* **Task prompt**
Begin at the line that holds "Tree Graphic Crystals</div>" and retype every line through the end of the material, both included. Leave out the pictures.

++++ Supplied material

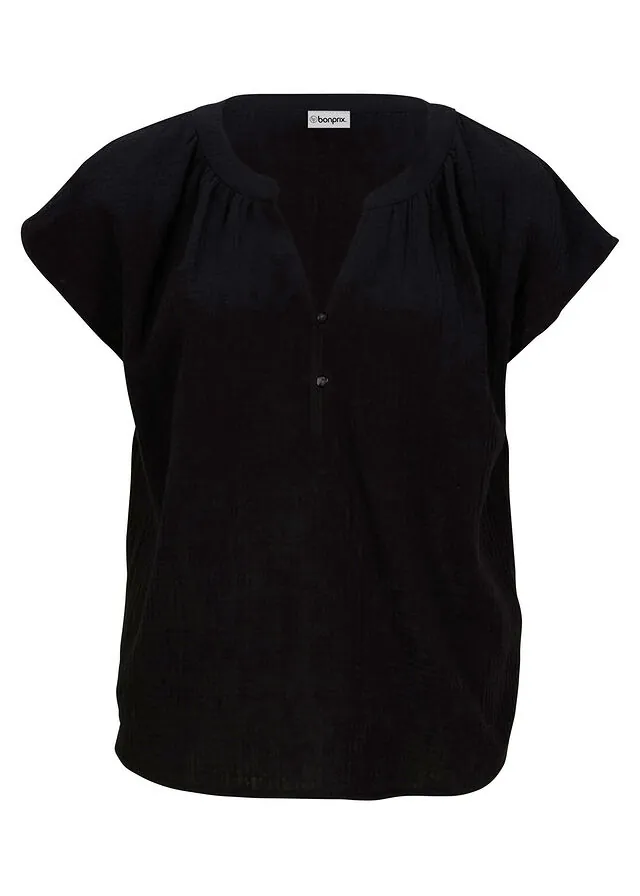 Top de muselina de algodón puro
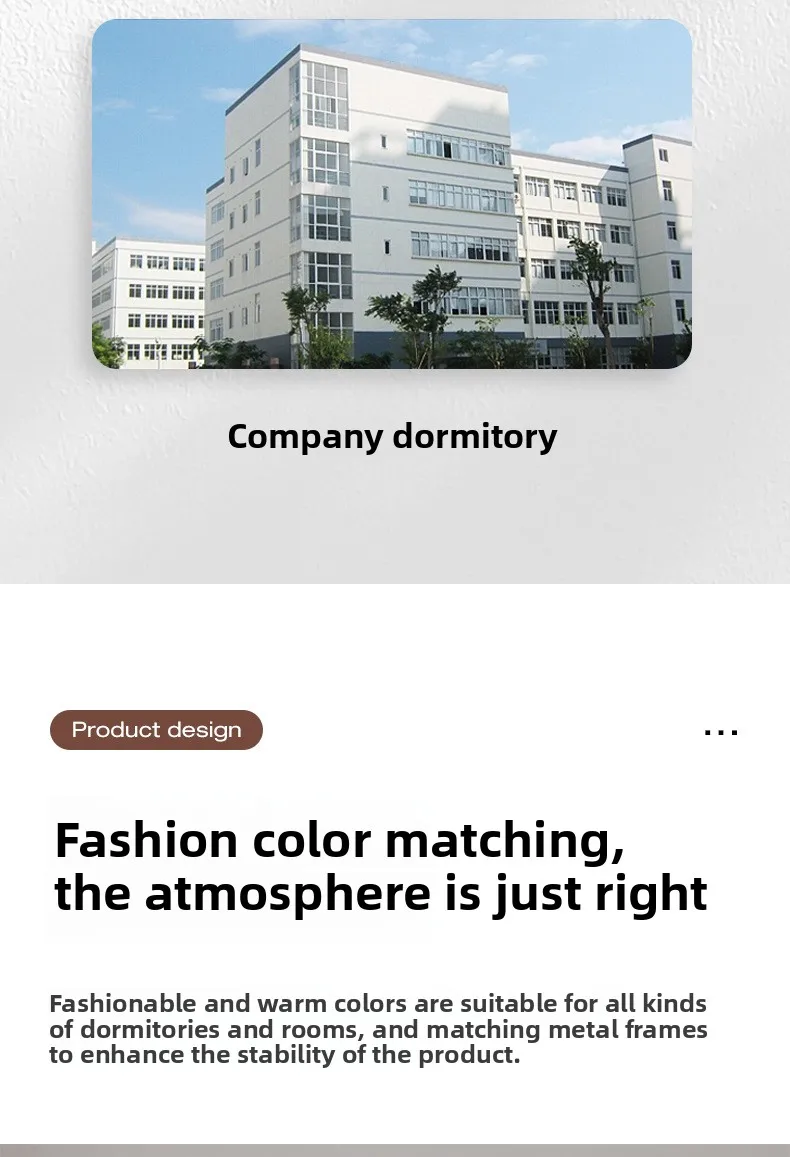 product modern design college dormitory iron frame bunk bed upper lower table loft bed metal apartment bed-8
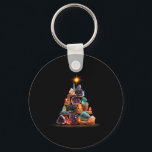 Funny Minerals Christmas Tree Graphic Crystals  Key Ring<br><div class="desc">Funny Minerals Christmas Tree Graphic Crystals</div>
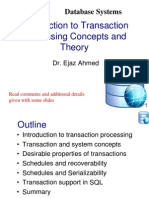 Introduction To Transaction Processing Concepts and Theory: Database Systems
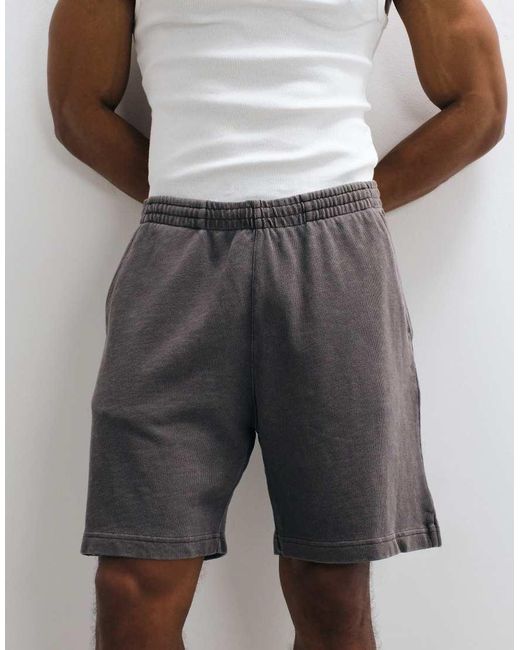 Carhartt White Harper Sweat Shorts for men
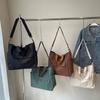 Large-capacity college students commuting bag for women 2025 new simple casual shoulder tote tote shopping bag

++++++++

* **Task answer**
 Funny Minerals Christmas Tree Graphic Crystals  Key Ring<br><div class="desc">Funny Minerals Christmas Tree Graphic Crystals</div>
 Introduction To Transaction Processing Concepts and Theory: Database Systems
 Carhartt White Harper Sweat Shorts for men
 Large-capacity college students commuting bag for women 2025 new simple casual shoulder tote tote shopping bag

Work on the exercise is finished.